Reputation: 1106
I want to read data from MongoDB into Kafka's topic. I managed to get this work locally by using the following connector properties file:
name=mongodb-source-connectorszes
connector.class=io.debezium.connector.mongodb.MongoDbConnector
mongodb.hosts=test/localhost:27017
database.history.kafka.bootstrap.servers=kafka:9092
mongodb.name=mongo_conn
database.whitelist=test
initial.sync.max.threads=1
tasks.max=1
the connect worker has the following conf:
# The converters specify the format of data in Kafka and how to translate it into Connect data. Every Connect user will
# need to configure these based on the format they want their data in when loaded from or stored into Kafka
key.converter=org.apache.kafka.connect.json.JsonConverter
value.converter=org.apache.kafka.connect.json.JsonConverter
# Converter-specific settings can be passed in by prefixing the Converter's setting with the converter we want to apply
# it to
key.converter.schemas.enable=true
value.converter.schemas.enable=true
offset.storage.file.filename=/tmp/connect.offsets
# Flush much faster than normal, which is useful for testing/debugging
offset.flush.interval.ms=10000
zookeeper.connect=localhost:2181
rest.port=18083
# Set to a list of filesystem paths separated by commas (,) to enable class loading isolation for plugins
# (connectors, converters, transformations).

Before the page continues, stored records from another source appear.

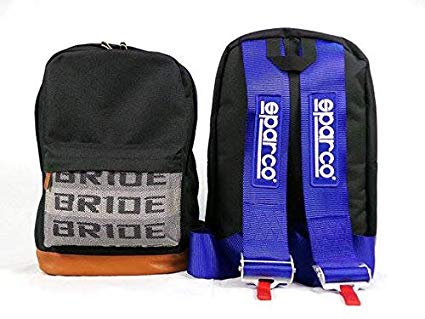 Kei Project Bride Racing Backpack Brown Bottom with SPR Harness Straps (Blue)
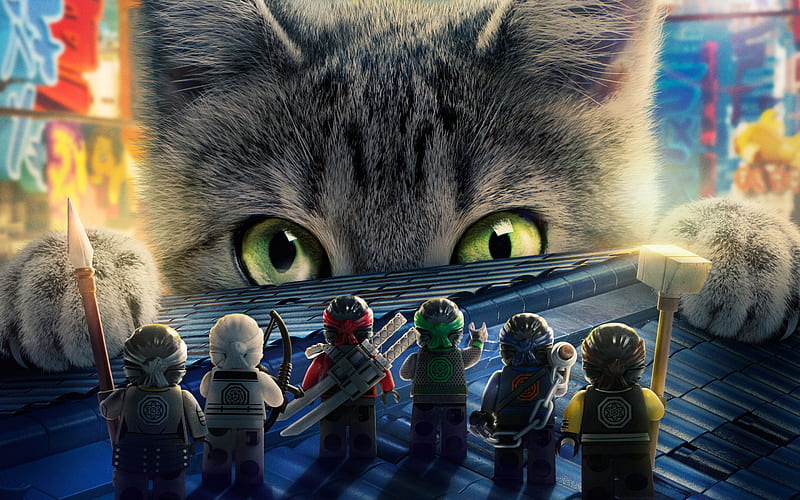 The LEGO Ninjago Movie, cat, poster, 3d-animation, 2017 movie, HD wallpaper  | Peakpx
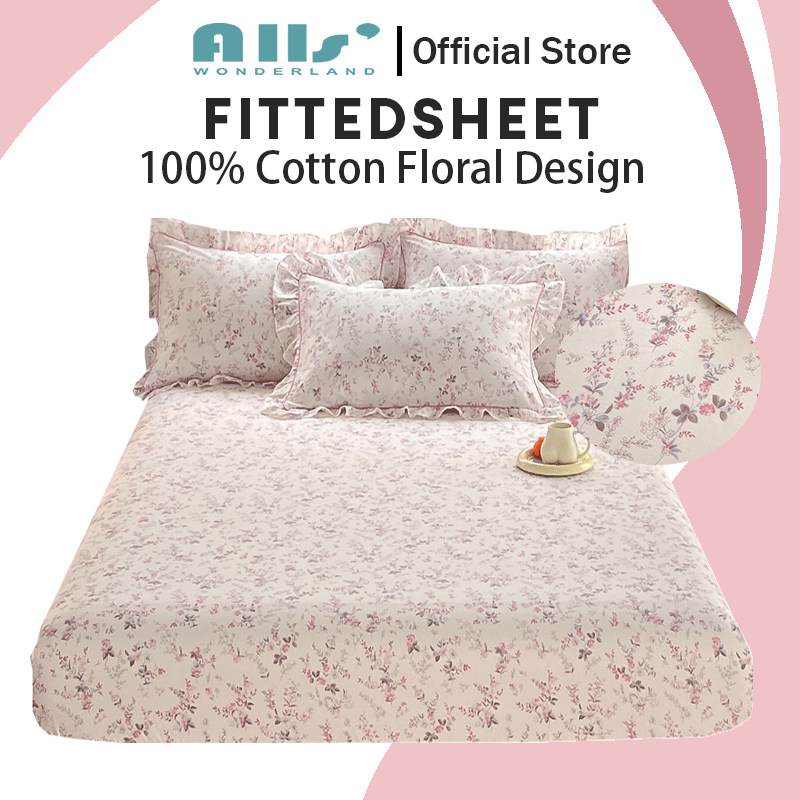 Alls' Wonderland Canadian Cotton Bed Sheet Cover with Garter 800TC Cotton Fitted Bedsheet High Quality Soft Fitted Sheet Floral Matterss Protector ราคา 223 บาท*ส่งฟรี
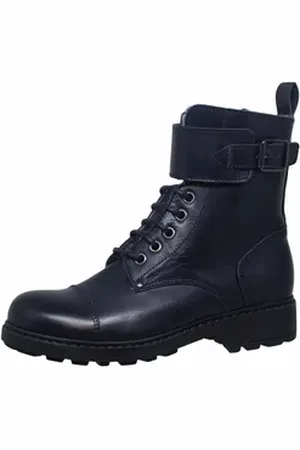 Momino 1407M Kinder Boots Stiefeletten Leder Lammfell blau Schnürstiefelette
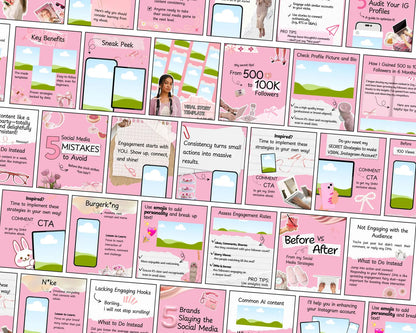 100 Pink Instagram Carousel Templates |PLR & MRR Rights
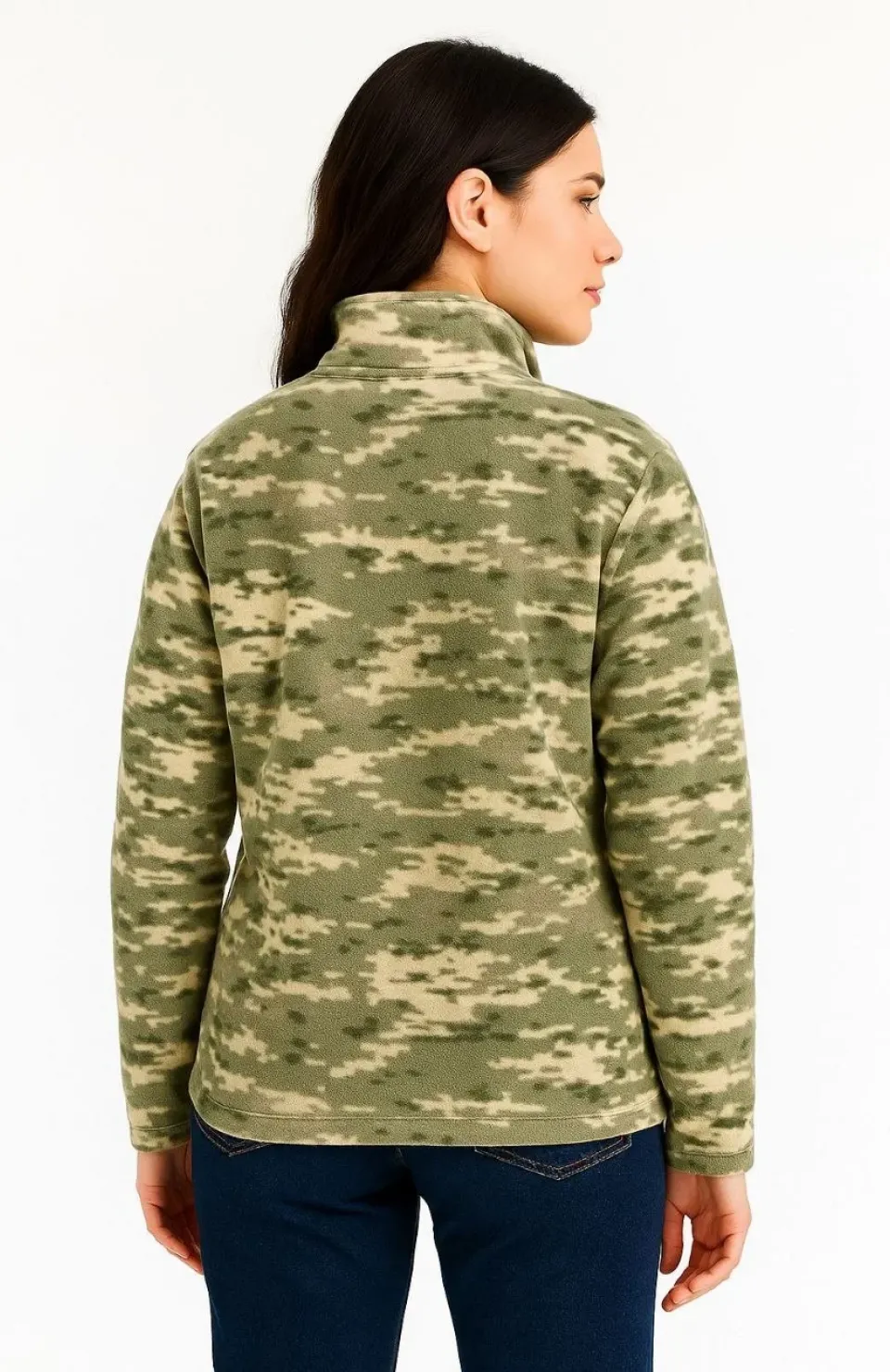 Kadın Yarım Fermuarlı Desenli Polar Sweat – Haki Kamuflaj Yakalı, Uzun Kollu, Oversize Rahat Kalıp - Haki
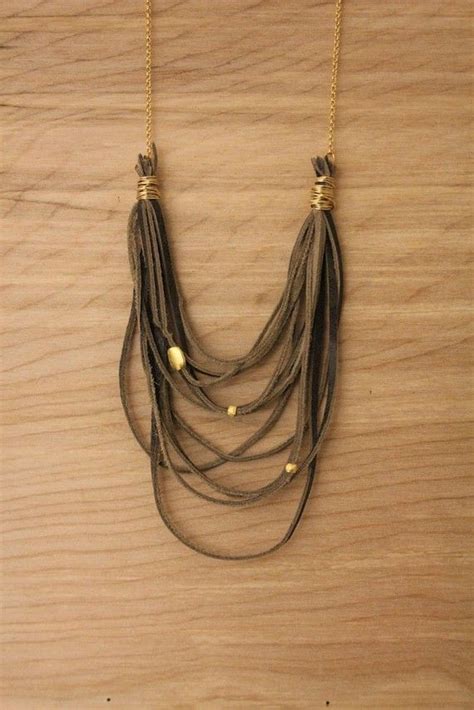 need to make this! | Leather jewelry, Leather necklace, Leather jewels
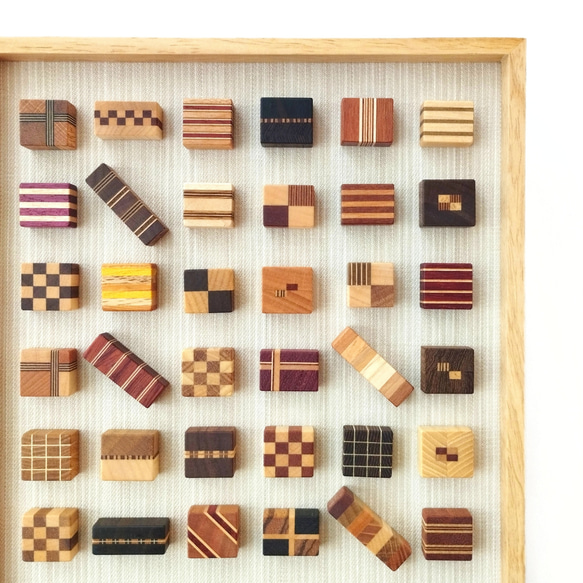 磁石の見えない✽寄木のマグネット【全44個セット】ギフトボックス入り craft magnet 4枚目の画像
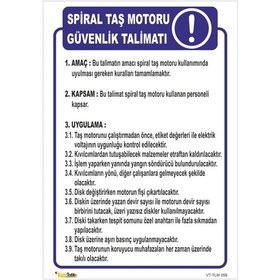Resim SPİRAL TAŞ MOTORU GÜVENLİK TALİMATI TLM 058 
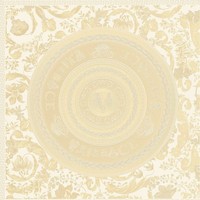 Metallic Tapete Mit Versace Muster – Creme, Metallic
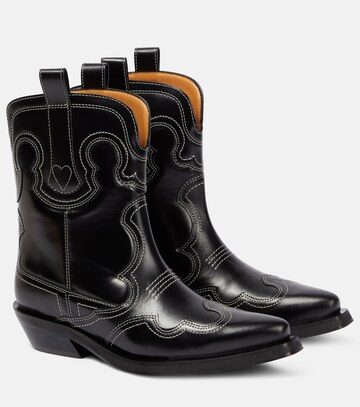 ganni leather cowboy boots in black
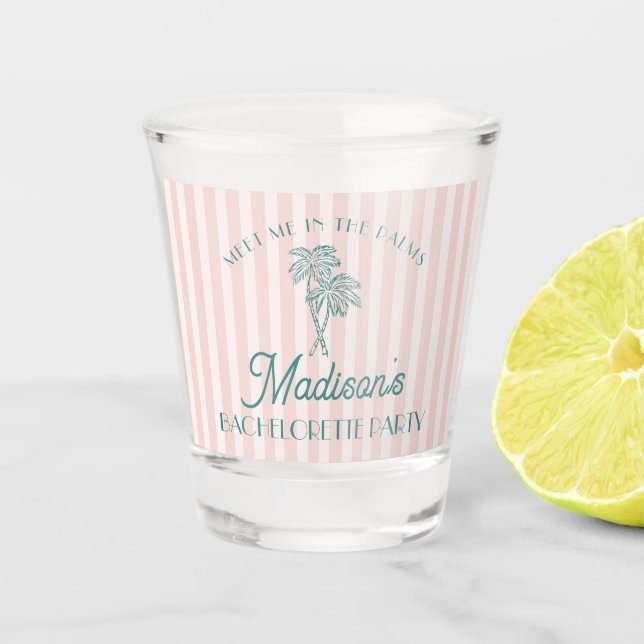 Vaso De Chupito Pink Palm Spring Pastel Beach Bachelorette Favor (Anverso)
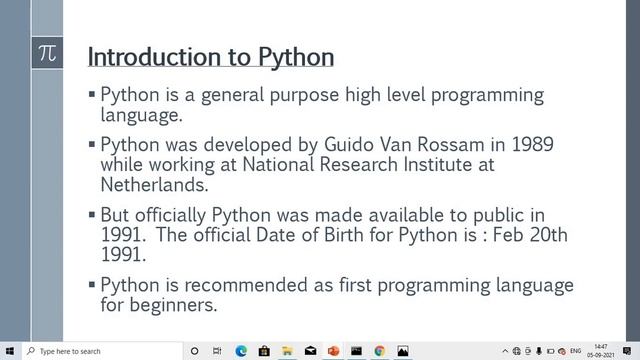 Lesson 1:- Introduction to Python Programming Language|| By Jaya Shukla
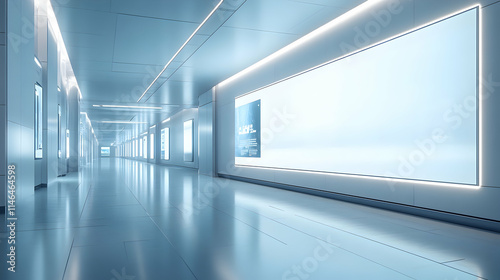 A sleek  modern hallway with illuminated advertising displays and polished floors.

The list should consist of top level directories that include
# any combination of:
# a) directories immediately containing jars with plugins and their dependencies
# b) uber-jars with plugins and their dependencies
# c) directories immediately containing the package directory structure of classes of plugins and their dependencies
# Note: symlinks will be followed to discover dependencies or plugins.
# Examples:
# plugin.path=/usr/local/share/java,/usr/local/share/kafka/plugins,/opt/connectors,
plugin.path=/usr/share/java/test
internal.key.converter=org.apache.kafka.connect.json.JsonConverter
internal.value.converter=org.apache.kafka.connect.json.JsonConverter
internal.key.converter.schemas.enable=false
internal.value.converter.schemas.enable=false
bootstrap.servers=localhost:9092
This works flawlessly in my local kafka. I want to run it on a remote MSK Kafka cluster. As there is no built-in support of new kafka connect plugins within kafka MSK , I am facing difficulties to make my kafka connect source mongo plugin works, to export the connector from my local machine , I brought the following modifications: At the connector properties level :
name=mongodb-source-connectorszes
connector.class=io.debezium.connector.mongodb.MongoDbConnector
mongodb.hosts=test/localhost:27017 #keeping the same local mongo
database.history.kafka.bootstrap.servers=remote-msk-kakfa-brokers:9092
mongodb.name=mongo_conn
database.whitelist=test
initial.sync.max.threads=1
tasks.max=1
at the connect worker level, I brought the following modifications:
# The converters specify the format of data in Kafka and how to translate it into Connect data. Every Connect user will
# need to configure these based on the format they want their data in when loaded from or stored into Kafka
key.converter=org.apache.kafka.connect.json.JsonConverter
value.converter=org.apache.kafka.connect.json.JsonConverter
# Converter-specific settings can be passed in by prefixing the Converter's setting with the converter we want to apply
# it to
key.converter.schemas.enable=true
value.converter.schemas.enable=true
offset.storage.file.filename=/tmp/connect.offsets
# Flush much faster than normal, which is useful for testing/debugging
offset.flush.interval.ms=10000
zookeeper.connect=remote-msk-kakfa-zookeeper:9092:2181
rest.port=18083
# Set to a list of filesystem paths separated by commas (,) to enable class loading isolation for plugins
# (connectors, converters, transformations). The list should consist of top level directories that include
# any combination of:
# a) directories immediately containing jars with plugins and their dependencies
# b) uber-jars with plugins and their dependencies
# c) directories immediately containing the package directory structure of classes of plugins and their dependencies
# Note: symlinks will be followed to discover dependencies or plugins.
# Examples:
# plugin.path=/usr/local/share/java,/usr/local/share/kafka/plugins,/opt/connectors,
plugin.path=/usr/share/java/test
internal.key.converter=org.apache.kafka.connect.json.JsonConverter
internal.value.converter=org.apache.kafka.connect.json.JsonConverter
internal.key.converter.schemas.enable=false
internal.value.converter.schemas.enable=false
bootstrap.servers=remote-msk-kakfa-brokers:9092:9092
but seems that this is not enough as I am getting the following error:
[2020-01-31 11:58:01,619] WARN [Producer clientId=producer-1] Error while fetching metadata with correlation id 118 : {mongo_conn.test.docs=UNKNOWN_TOPIC_OR_PARTITION} (org.apache.kafka.clients.NetworkClient:1031)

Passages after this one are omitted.